─── Input ───

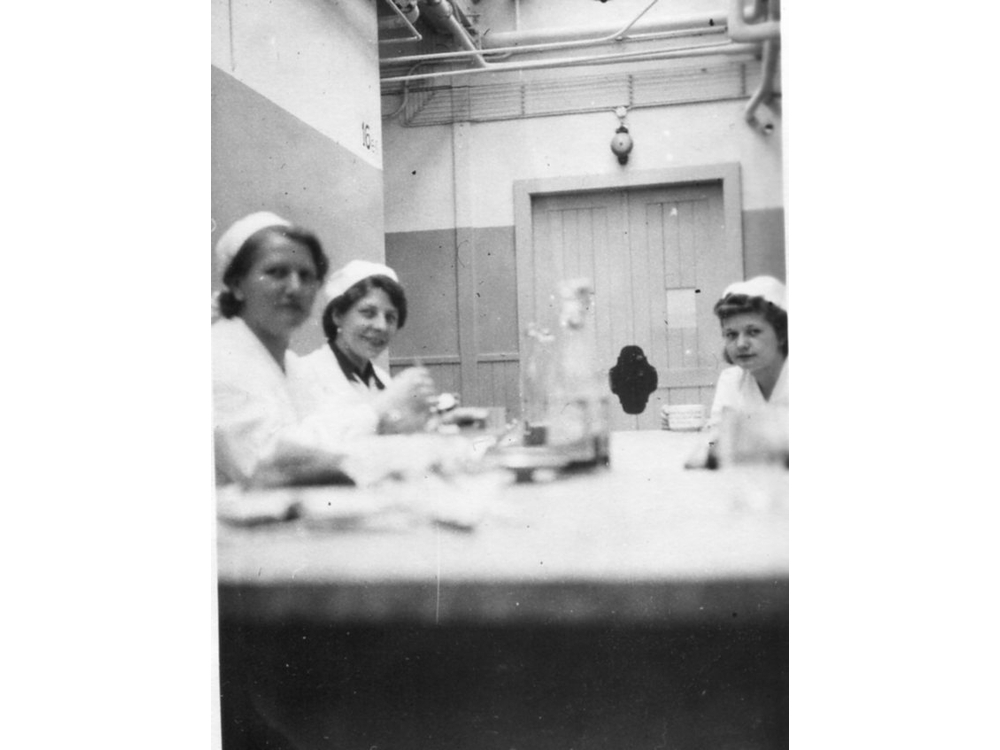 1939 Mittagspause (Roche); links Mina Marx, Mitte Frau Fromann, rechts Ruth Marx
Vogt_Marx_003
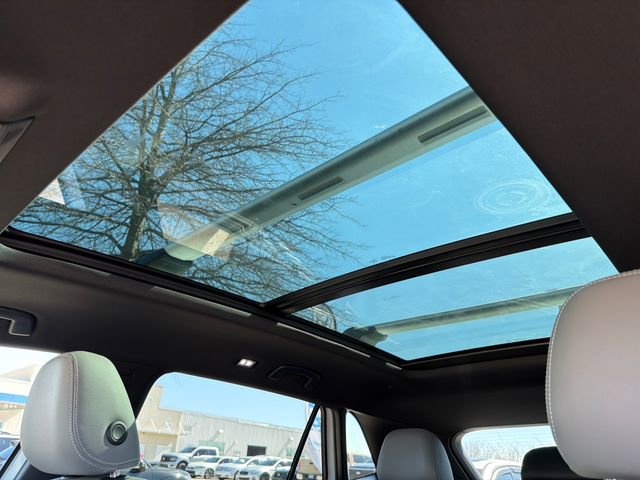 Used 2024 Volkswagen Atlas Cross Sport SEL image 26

───
─── Input ───

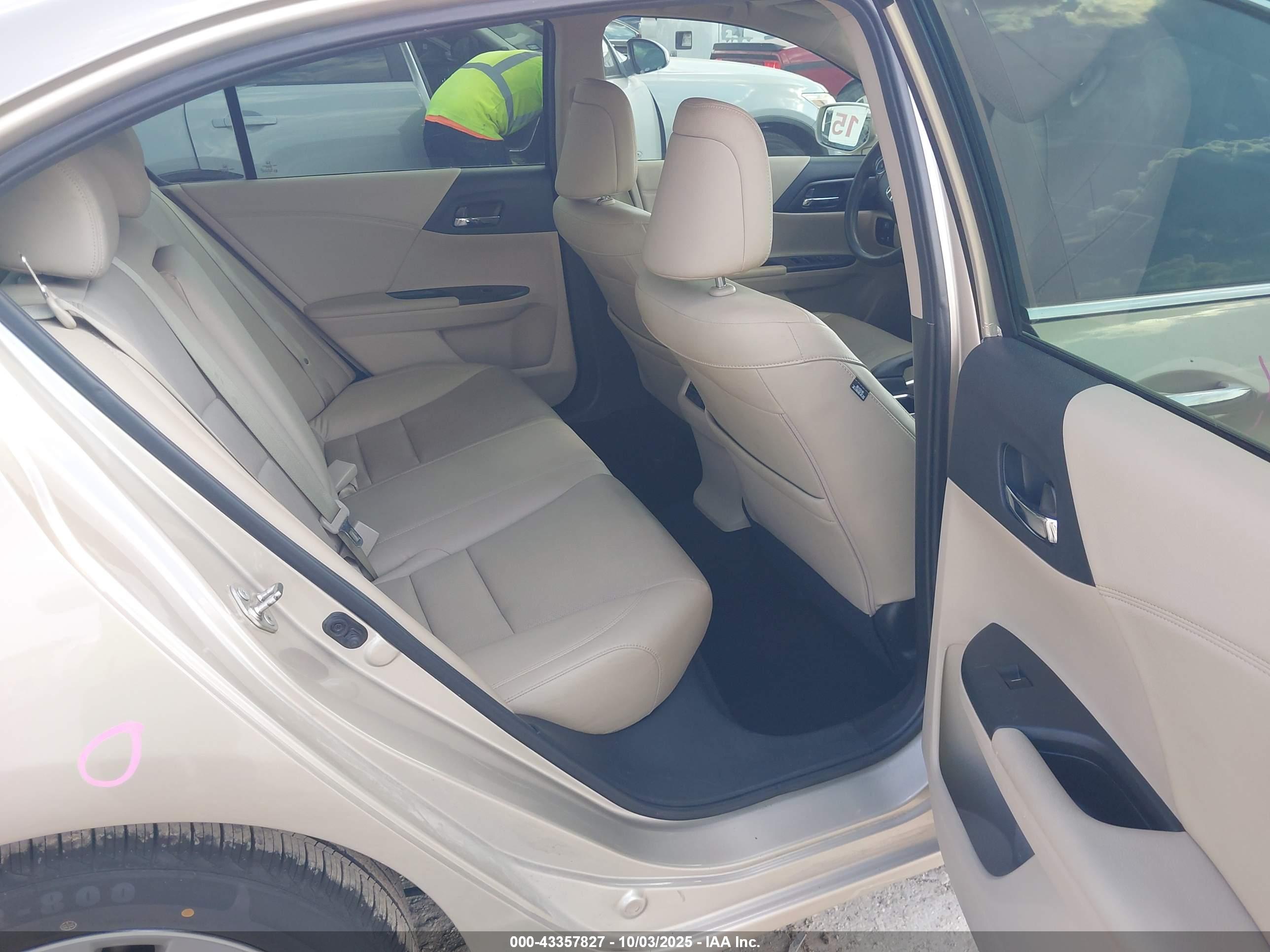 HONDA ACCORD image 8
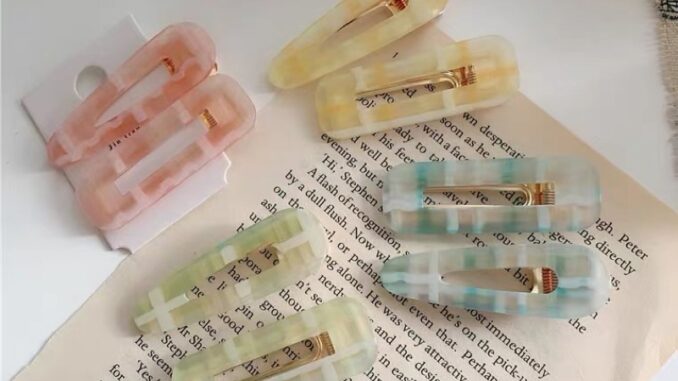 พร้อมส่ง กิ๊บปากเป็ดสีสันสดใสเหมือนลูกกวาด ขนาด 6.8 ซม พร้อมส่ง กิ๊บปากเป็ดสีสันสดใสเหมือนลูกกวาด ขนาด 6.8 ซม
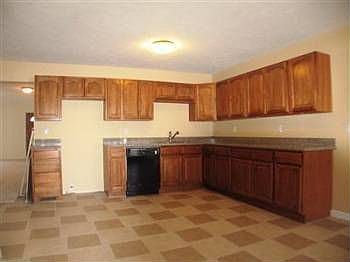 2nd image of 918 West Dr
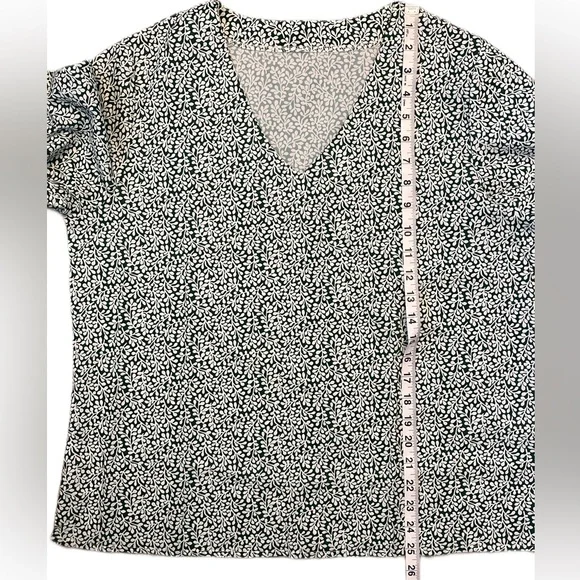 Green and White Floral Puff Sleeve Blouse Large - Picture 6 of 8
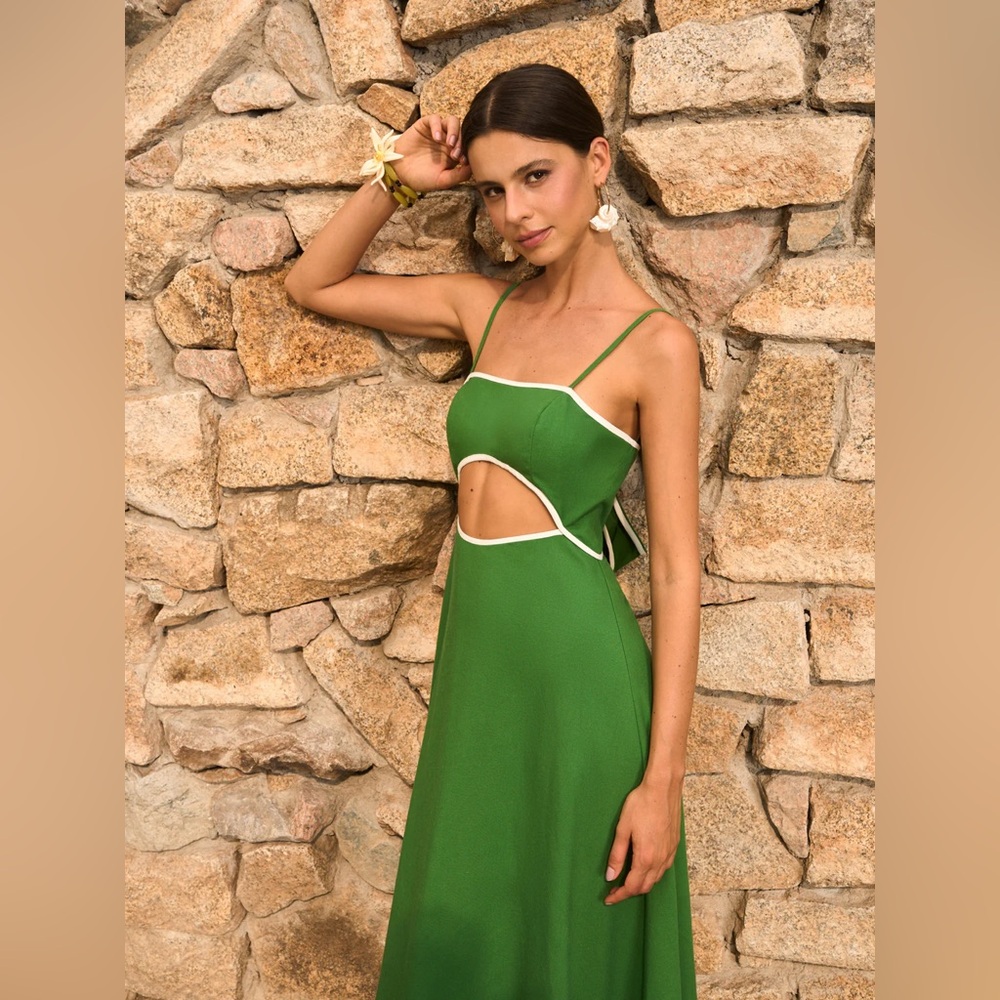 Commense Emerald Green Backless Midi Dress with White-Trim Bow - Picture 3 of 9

───
─── Input ───

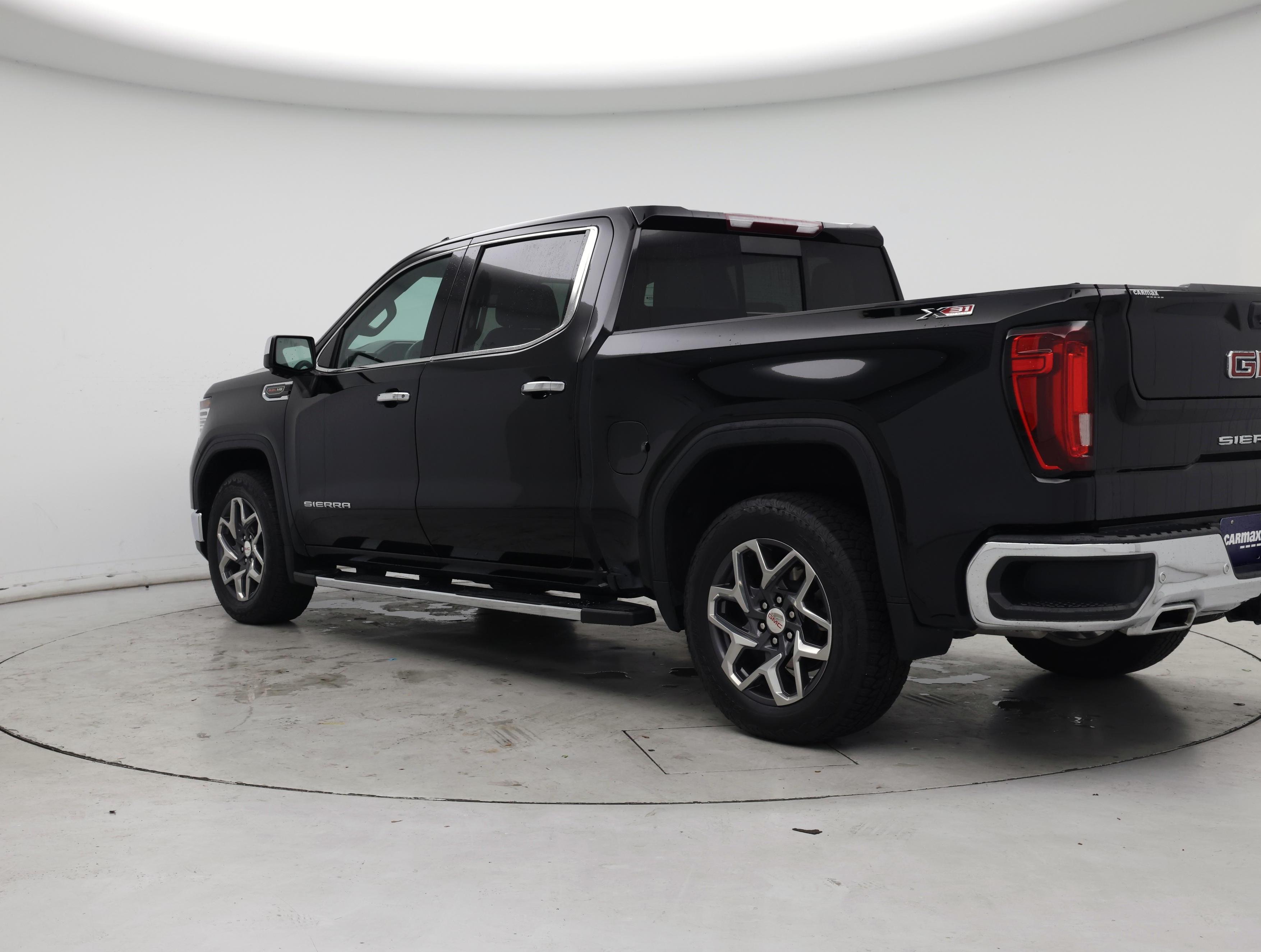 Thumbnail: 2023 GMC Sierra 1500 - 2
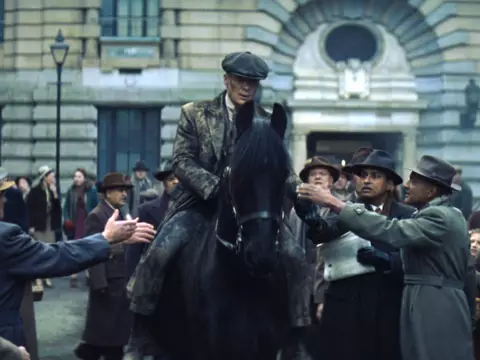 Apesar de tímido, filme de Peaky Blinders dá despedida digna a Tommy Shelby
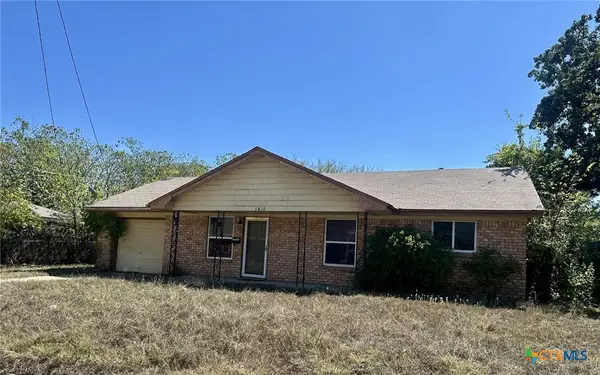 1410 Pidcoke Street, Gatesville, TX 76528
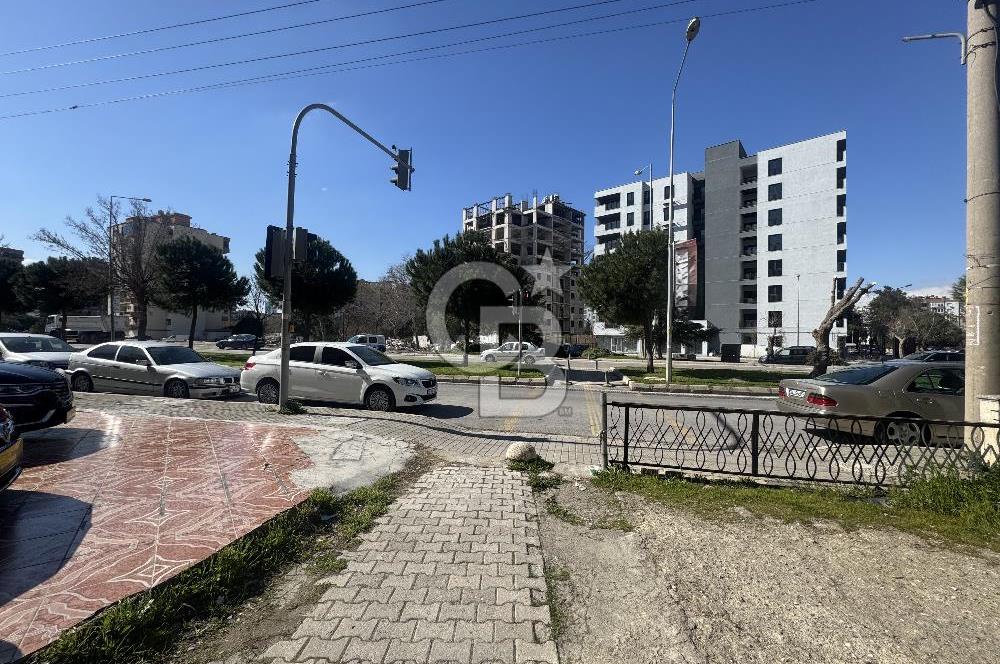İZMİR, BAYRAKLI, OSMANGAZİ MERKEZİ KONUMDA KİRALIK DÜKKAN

───

* Task to carry out *
Your output should be the lines above from the one that contains "2nd image of 918 West Dr" through the one that contains "Commense Emerald Green", word for word, with pictures left out.

* Answer below *
 2nd image of 918 West Dr
 Green and White Floral Puff Sleeve Blouse Large - Picture 6 of 8
 Commense Emerald Green Backless Midi Dress with White-Trim Bow - Picture 3 of 9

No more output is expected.